In just a few years, Outfit7’s portfolio has grown to include 19 games with over 8 billion downloads. But big numbers bring big challenges. One of them is how to deal with such huge amounts of data in a timely and cost-effective manner. Our games hit the backend infrastructure with around 8 billion rows of data per day that take up 2.5 TB of space – and those numbers grow daily. This data is in a raw form and, to be useful, it needs to be processed, aggregated, extracted, and transformed. Above all, it has to be treated securely.
If we were to use normal relational database solutions, building a system that would be able to ingest and operationally function with such amount of data – not to mention handling the explosion of hardware storage space and related costs – would be a daunting task. It would require an army of sysops/devops/DB engineers.
So, to find a way around this, we decided to look at cloud platforms. Google’s solution, the Google Cloud Platform (“GCP”) is steadily becoming one of the best. Outfit7 Group heavily leverages one of the GCP’s flagship services, BigQuery; a serverless, highly scalable, low cost enterprise data warehouse. The service has no problems ingesting the data Outfit7 deals with. In fact, the querying power is just astonishing.
BigQuery Across Different Departments
We use BigQuery in numerous ways across the company.

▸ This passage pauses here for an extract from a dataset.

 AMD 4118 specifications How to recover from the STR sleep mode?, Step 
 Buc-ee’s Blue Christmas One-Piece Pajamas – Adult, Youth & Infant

Our backend department has a special data team that – complying with all laws including GDPR – takes care of data ingestion, transformation, and delivery to appropriate stakeholders. To give you an example, we generate around 50 aggregates that form the basis for further analysis in the Analytics and Controlling departments. The main aggregates we prepare for the Analytics team are the retention and user segments, while the Controlling team is more focused on the daily and monthly revenue aggregates, user live time values, and daily active users aggregates.
We also closely collaborate with the Ad Ops and App Sales teams. In this part of the company, daily ad sales, ad mediation and paid user acquisition reports and aggregates need to be calculated. The data is then consumed and evaluated with the preferred tool of choice for each department. The Analytics department relies heavily on iPython and R, Controlling is mainly focused on Tableau reports and the visual representation of data, and the Ad Ops and Ad Sales departments rely on custom made dashboards, Google DataStudio reports, and ad-hoc analysis with Excel/Sheets.
To illustrate the point further, consider the following query. Anyone can run it on the publicly available BQ datasets that come bundled out of the box with a free GCP account.
Fig. 1: Query example on BQ.
The underlying “trips” table contains 130GB and more than 1.1 billion rows of data that represent yellow taxi fares in New York City from 2009 to 2015. The query included a yearly breakdown of vendors operating in the NYC area, their revenue, average fare cost, the distance traveled, and the total number of fares. It took 4.5 seconds to produce 16 rows of a high level report, which could then be downloaded as a csv or JSON file, saved to a new table, or a Google Sheets document, etc.
Fig. 2: High level aggregation report from a table containing more than 1.1 billion rows of data, which took 4.5 seconds to produce.
Imagine that: it took BigQuery less time to scan 130GB of data and spit out a condensed report than it would take you to say “Where’s the star schema and other data warehousing buzzword shenanigans?” If that isn’t impressive for a data guy, I don’t know what is. All the upsides aside, however, there’s no such thing as free lunch. If that wasn’t a test, the above query would cost $0.15, excluding the cost of storage, which would bring the amount up to $2.60 per month, decreasing to $1.30 per month after three months.
But the days of a data backend engineer aren’t just filled with writing and running BigQuery jobs in one of the various language flavours we’re using, like Bash, Python, Java, etc. They’re also filled with other engineering tasks that are necessary to hold the whole infrastructure together. Nevertheless, if, at the end of the day, we had to choose and point to one of the tools in the GCP arsenal that currently saves the Data and Backend teams the most amount of time, we’d probably say it’s BigQuery. In a competitive industry such as gaming, you need to have a reliable support system that continues to pave the way forward and, for us, that’s BigQuery.